Math in V8 is Broken
Athan Reines / @kgryte
Hi! Thank you for coming to this talk.
I am here today to talk about math. I should note that, while the title of this talk explicitly mentions V8, much of the content applies to other JavaScript engines, as well. And further, the concept that math is broken extends beyond any particular engine and also includes JavaScript at the specification level.
Without further ado...
Standard Library
The JavaScript standard library is often a developer's first introduction to math in JavaScript and its math functions are commonly used in JavaScript applications.
To review...
ES5
acos
asin
atan
atan2
cos
sin
tan
abs
exp
log (ln)
pow
sqrt
In ES5, the standard math library consisted of 18 functions and 8 constants. These functions can be categorized as trigonometric, other special functions, including rounding, and miscellaneous, including a PRNG.
ES2015/ES6
acosh
asinh
atanh
cosh
sinh
tanh
sign
cbrt
expm1
log10
log1p
log2
ES2015/ES6 added 17 more functions to the standard math library. Again, these functions are broken down into trigonometric, other special functions, including rounding, and miscellaneous.
The addition of these 17 functions means the JavaScript standard math library has 35 functions.
Comparison
For comparison, let us compare the JavaScript standard Math library to another language.
Golang
Abs
Acosh
Asin
Asinh
Atan
Atan2
Atanh
Cbrt
Ceil
Copysign
Cos
Cosh
Dim
Erf
Erfc
Exp
Exp2
Expm1
Float32bits
Float64bits
Floor
Frexp
Gamma
Hypot
Ilogb
J0
J1
Jn
Ldexp
Lgamma
Log
Log10
Log1p
Log2
Logb
Max
Min
Mod
Modf
Nextafter
Once again, we find trigonometric functions, various other special functions, and lower level functions for manipulating and generating floating-point numbers.
Golang (cont.)
NextAfter32
Pow
Pow10
Signbit
Sin
Sincos
Sinh
Sqrt
Tan
Tanh
Trunc
Y0
Y1
Yn
ExpFloat64
Float64
Int
Int63
NormFloat64
Perm
Uint32
Zipf
(Complex)
(Big)
In total, the Golang standard math library has 54 functions (JS has 35), 8+ PRNGs, as well as support for 64-bit and 128-bit complex numbers. Notably, Golang has equivalents for most C/C++ standard math library functions.
So what?
You may be asking why you should care that some other language has more built-in math functions than JavaScript. The reasons are two-fold.
First, just to point out that JavaScript, a 20+ year old language, is pretty deficient in terms of basic math functionality.
Second, these type of basic math functions are critical, fundamental building blocks for other higher order mathematical functions. Many numeric computing libraries, especially for computing statistics and machine learning, rely extensively on these basic math functions. Thus, their availability is an important factor in enabling more complex numeric computing applications. The more tools you have at your disposal, the fewer your limitations and the more things you can create.

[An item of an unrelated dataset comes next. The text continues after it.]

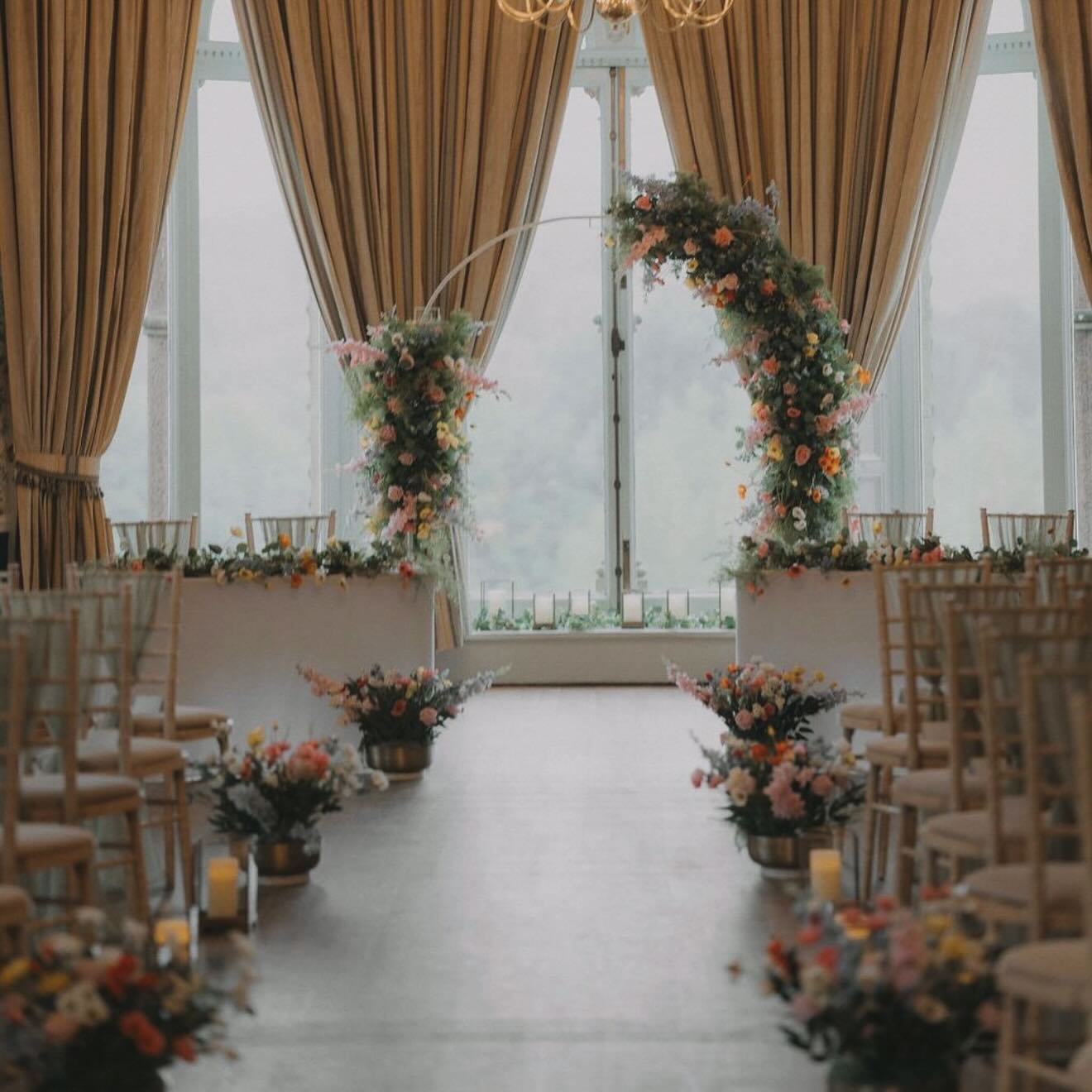 We loved styling this spectacular venue last September with wildflower meadow faux florals @rushpool_hall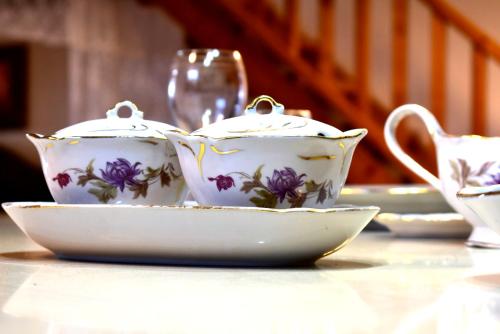 บริการและสิ่งอำนวยความสะดวก, אוויר הרים in มาอาลอท์ ทาร์ชิฮา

And because of their importance and widespread use, ensuring that basic math functions are performant and accurate is critical. If these functions are not accurate, their errors propagate through downstream consumers and inevitably lead to significant deviations from expected results.
And speaking of errors...
V8 and Node
Node
EOL
V8
Release
0.10.44
10-2016
3.14.5.9
05-2013
0.12.17
01-2017
3.28.71.19
11-2014
4.6.2
04-2018
4.5.103.42
08-2015
5.12.0
06-2016
4.6.85.32
11-2015
6.9.1
04-2019
5.1.281.84
07-2016
7.2.0
06-2017
5.4.500.43
11-2016
To set the stage, the provided table shows, for each Node version, the underlying V8 engine. Note that this table is not fixed. Node versions having the same major version may include different versions of V8, as Node.js maintainers pull in updated V8 versions.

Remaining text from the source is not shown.